LVMHはウオッチ&ジュエリー部門では「ショーメ(CHAUMET)」などを擁しているほか、2011年に「ブルガリ(BVLGARI)」をおよそ52億ドル(約5616億円)で傘下に収めている。なお、アレッサンドロ・ボリオーロ(Alessandro Bogliolo)=ティファニー最高経営責任者(CEO)は、かつてブルガリの最高執行責任者とジュエリーやウオッチ、アクセサリー部門の上級副社長を兼任していた。また、フランチェスコ・トラパーニ(Francesco Trapani)=ティファニー取締役は、以前ブルガリのCEOおよびLVMHのウオッチ&ジュエリー部門CEOを務めていた。
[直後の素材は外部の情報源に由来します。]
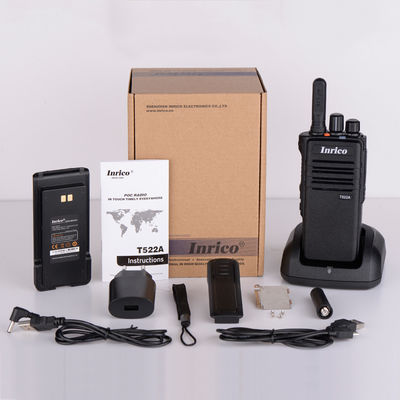 Maximaal bereik 50 km 4G Internet Radio Poc T522A Zello Walkie Talkie T522A Network Radio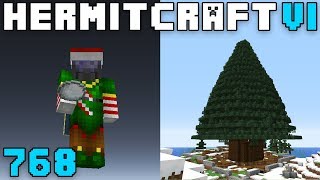 Hermitcraft VI 768 Snowball Fight amp New Christmas Area [upl. by Kimber]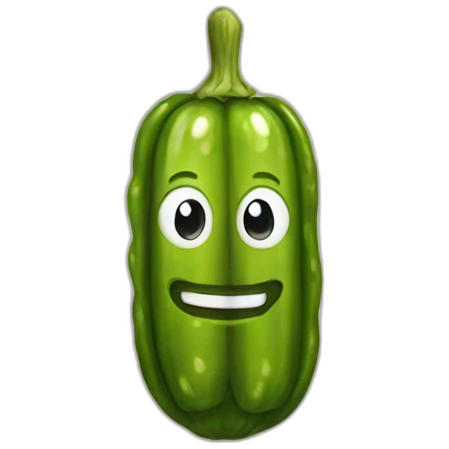 Pickles with heyes emoji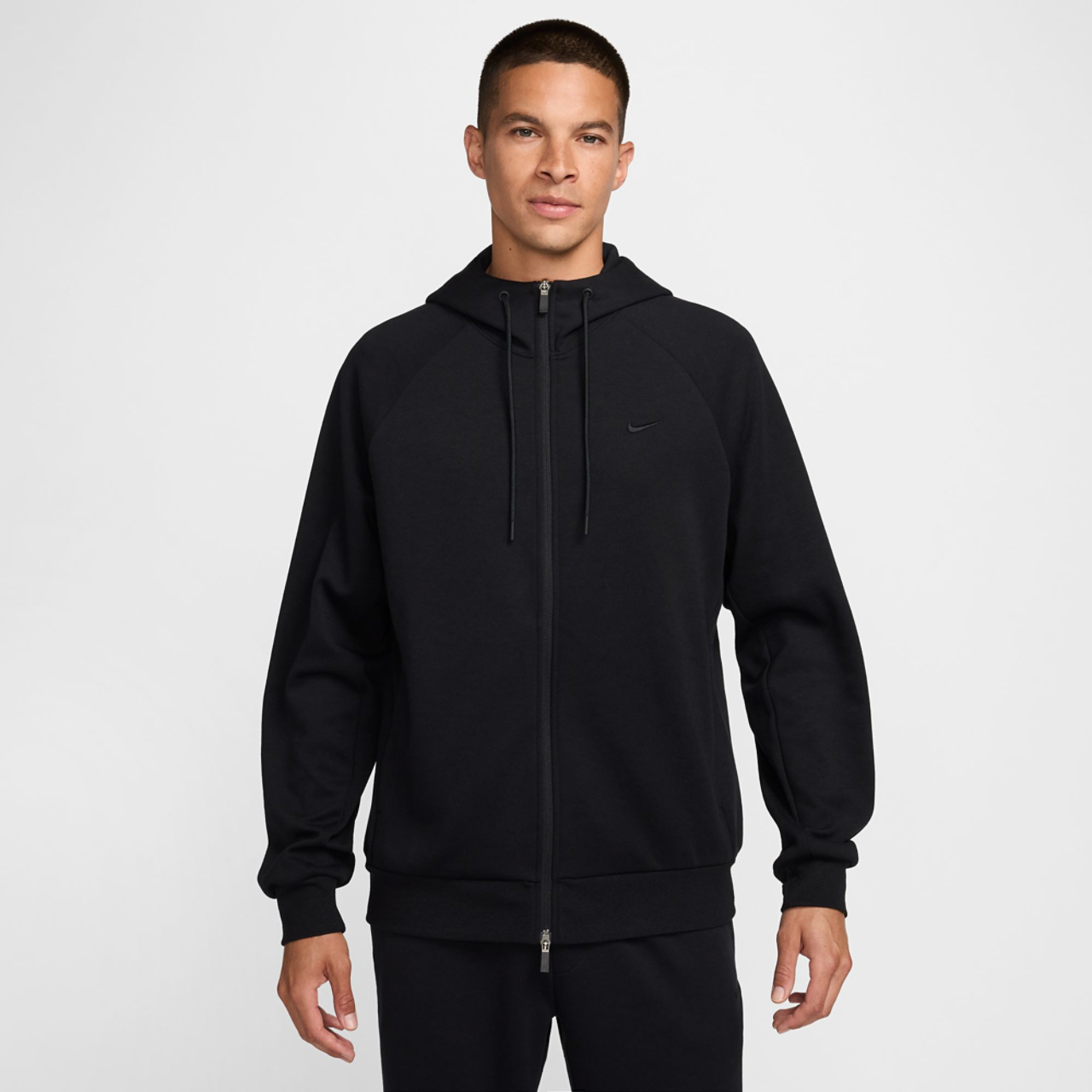 Nike Dri-FIT UV Primary Full-Zip Hoodie Image 1 of 2. Tap to open photo gallery.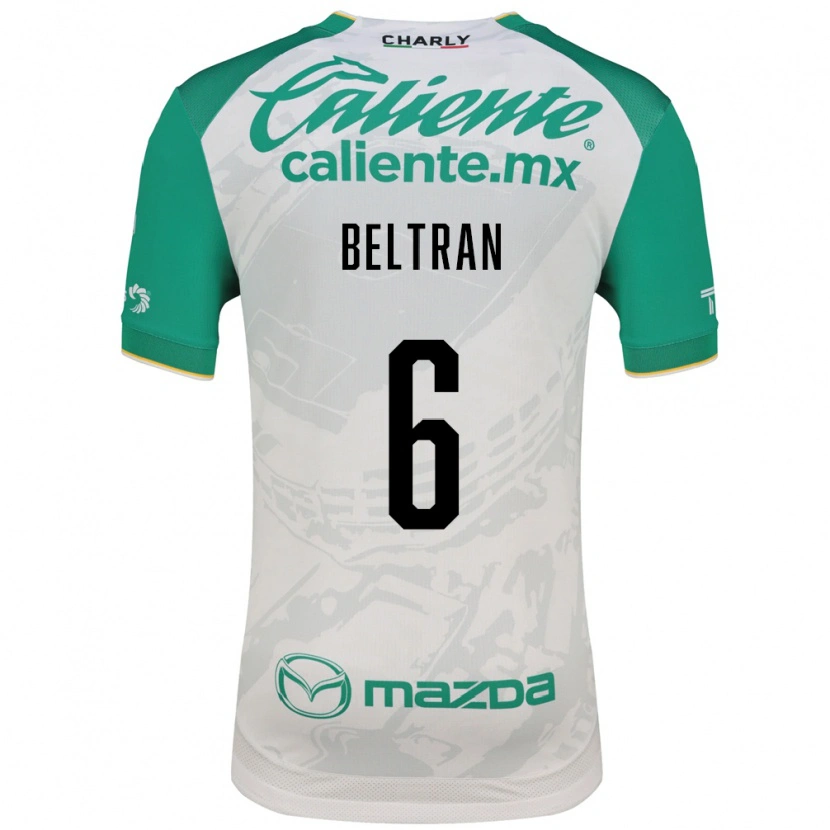 Danxen Kinderen Fernando Beltrán #6 Lichtgroen Wit Uitshirt Uittenue 2026/27 T-Shirt België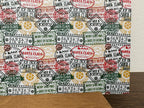 PatternPly® Full Coverage Santa Mail sheet showing the pattern
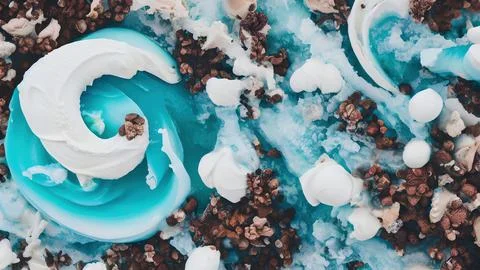 Frozen waves wallpaper Stock Illustration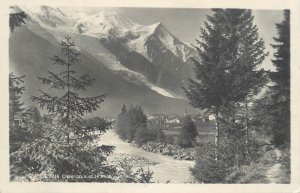 Mountaineering Switzerland Chamonix Mont Blanc scenic real photo postcard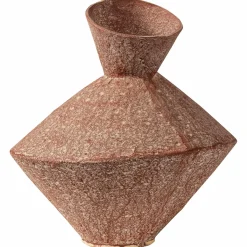 Reza vaas aluminium bruin - Loft24.nl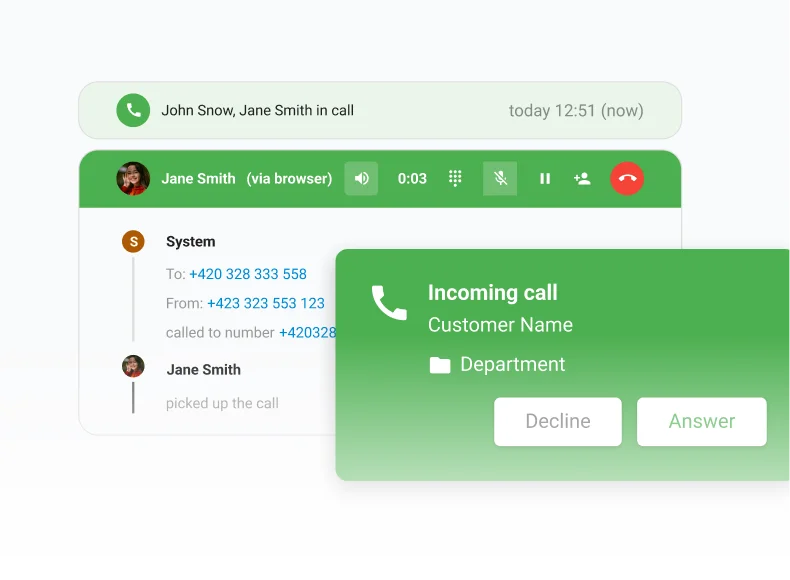 LiveAgent innebygd callsenter med IVR- og tilbakeringingsfunksjoner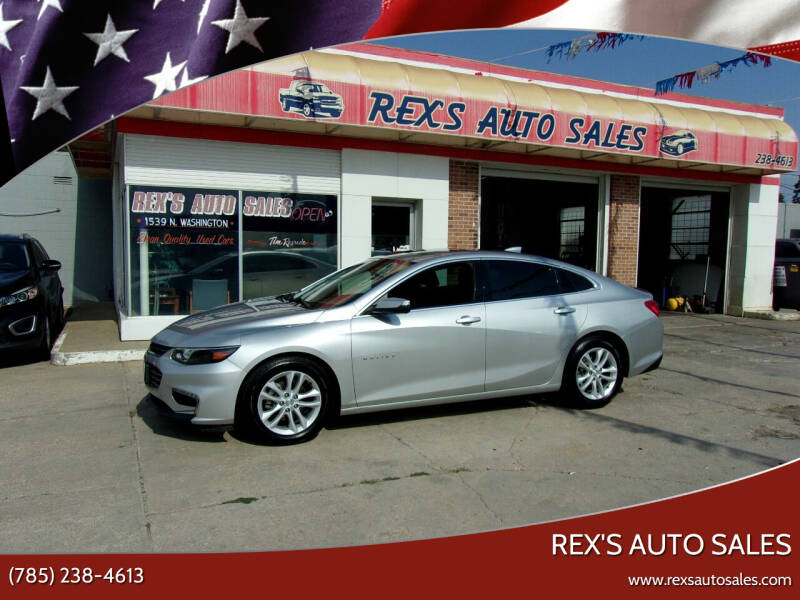 2018 Chevrolet Malibu for sale at Rex's Auto Sales in Junction City KS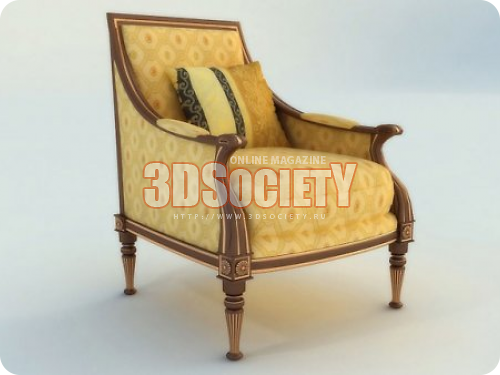3D модель Кресло Fratelli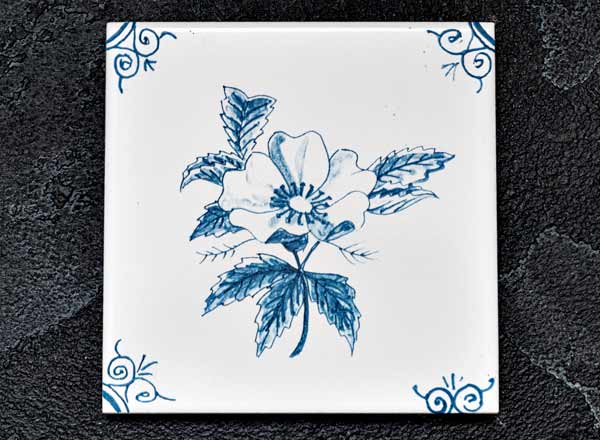 Tile Dutch. Flower 2 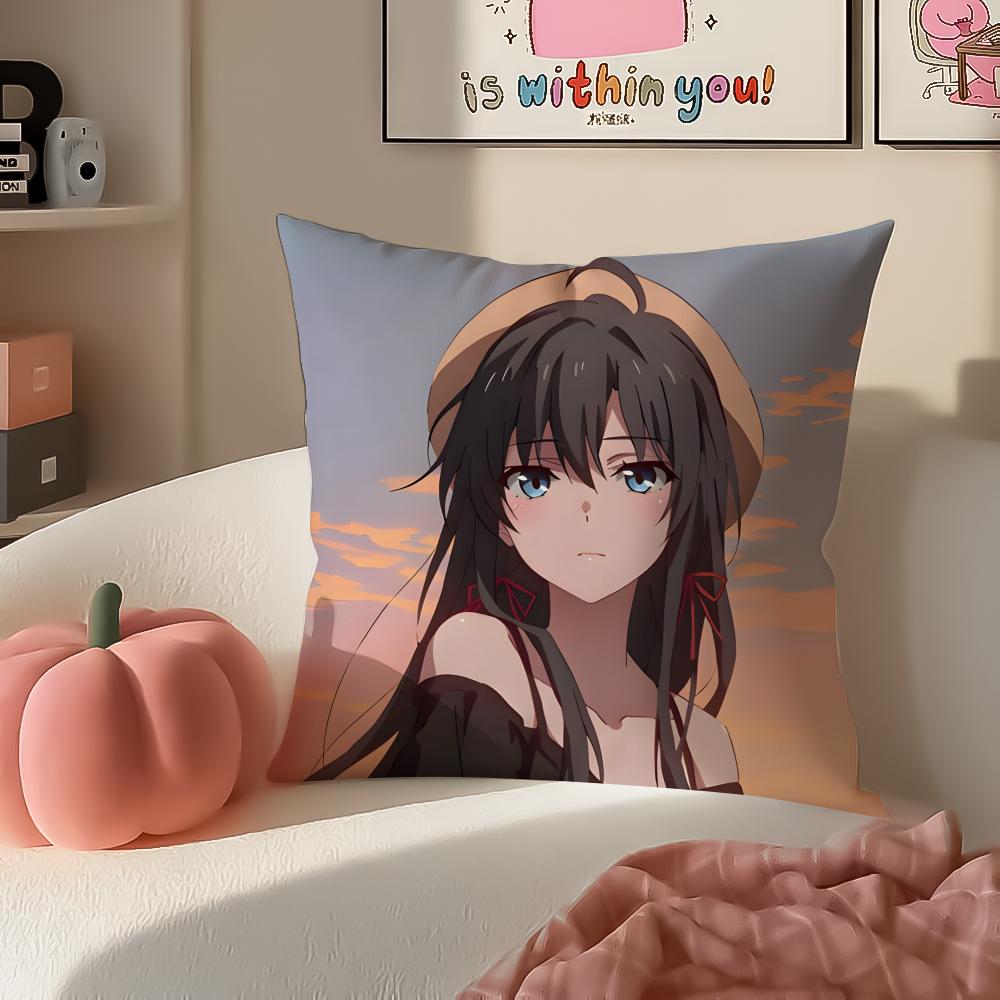YYukinoshita YYukino Cushion Cover Pillowcase Short Plush Invisible zipper Room Sofa Cushion Cover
LVMHの19年7~9月期決算の売上高は、前年同期比17.0%増の133億1600万ユーロ(約1兆5979億円)と上期に引き続き増収だった。一方で、ティファニーの19年5~7月期は同2.5%減の10億4850万ドル(約1132億円)で、既存店売上高は同4%減と減収傾向にある。
LVMHによる今回の買収案が事実であれば、ウオッチ&ジュエリー部門をさらに強化することが狙いだろう。ライバルであるコンパニー フィナンシエール リシュモン(COMPAGNIE FINANCIERE RICHEMONT)は「カルティエ(CARTIER)」と「ヴァン クリーフ&アーペル(VAN CLEEF & ARPELS)」を、ケリング(KERING)は「ブシュロン(BOUCHERON)」と「ポメラート(POMELLATO)」を擁している。なお、情報筋によればLVMHはプラダ(PRADA)の買収にも関心を示しているそうだが、両社ともコメントを控えるとした。